A number of developments have occurred in the battle between online travel companies (OTCs) and state and local taxing authorities over liability for sales and accommodation taxes since our prior post from back in February.
As we reported previously, the results of litigation present a mixed bag. On March 4th, a Maryland District Court judge denied the OTCs’ motion to dismiss in a matter involving the hotel occupancy tax ordinance of Baltimore County, Maryland which was amended in 2003 as the ordinance was found to cover the OTCs. This matter is still pending trial. Washington, DC filed suit against the OTCs on March 22nd seeking to recoup sales taxes that the city believes are owed from the sale of rooms located there. An Oklahoma District Court ruled in favor of the OTCs on March 11th when it found that the applicable tax statute did not cover the internet-based services of the OTCs. On March 16th, a California Superior Court judge held that the City of Santa Monica's transient occupancy tax ordinance was not applicable to OTCs given the language in the ordinance, and therefore the OTCs were not liable for the $3.5 million in back taxes and penalties assessed by the city. Finally, on March 24th, an Alabama Circuit Court granted the OTCs motion for summary judgment finding that the OTCs are not engaged in the business of renting rooms or lodgings or furnish accommodations to transients and are therefore not subject to payment of lodgings tax.
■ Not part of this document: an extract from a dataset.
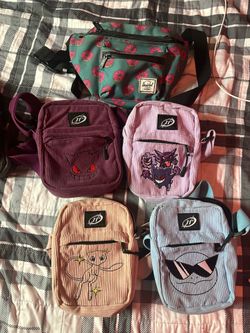 Cross body bags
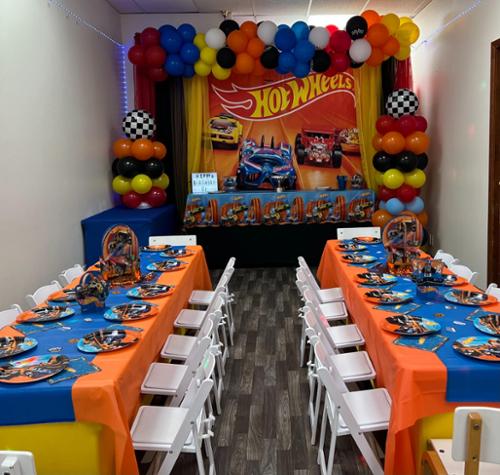 Ultimate birthday party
In a surprising move given the current condition of Florida’s economy, two bills (SB 376 and HB 493) currently under consideration by the Florida Legislature would specifically limit the amount subject to Florida’s transient occupancy taxes to the "wholesale amount" paid by the OTCs to the hotels for the rooms that they resell and not subject the entire amount received by the OTCs from the end consumers for the rooms to these taxes.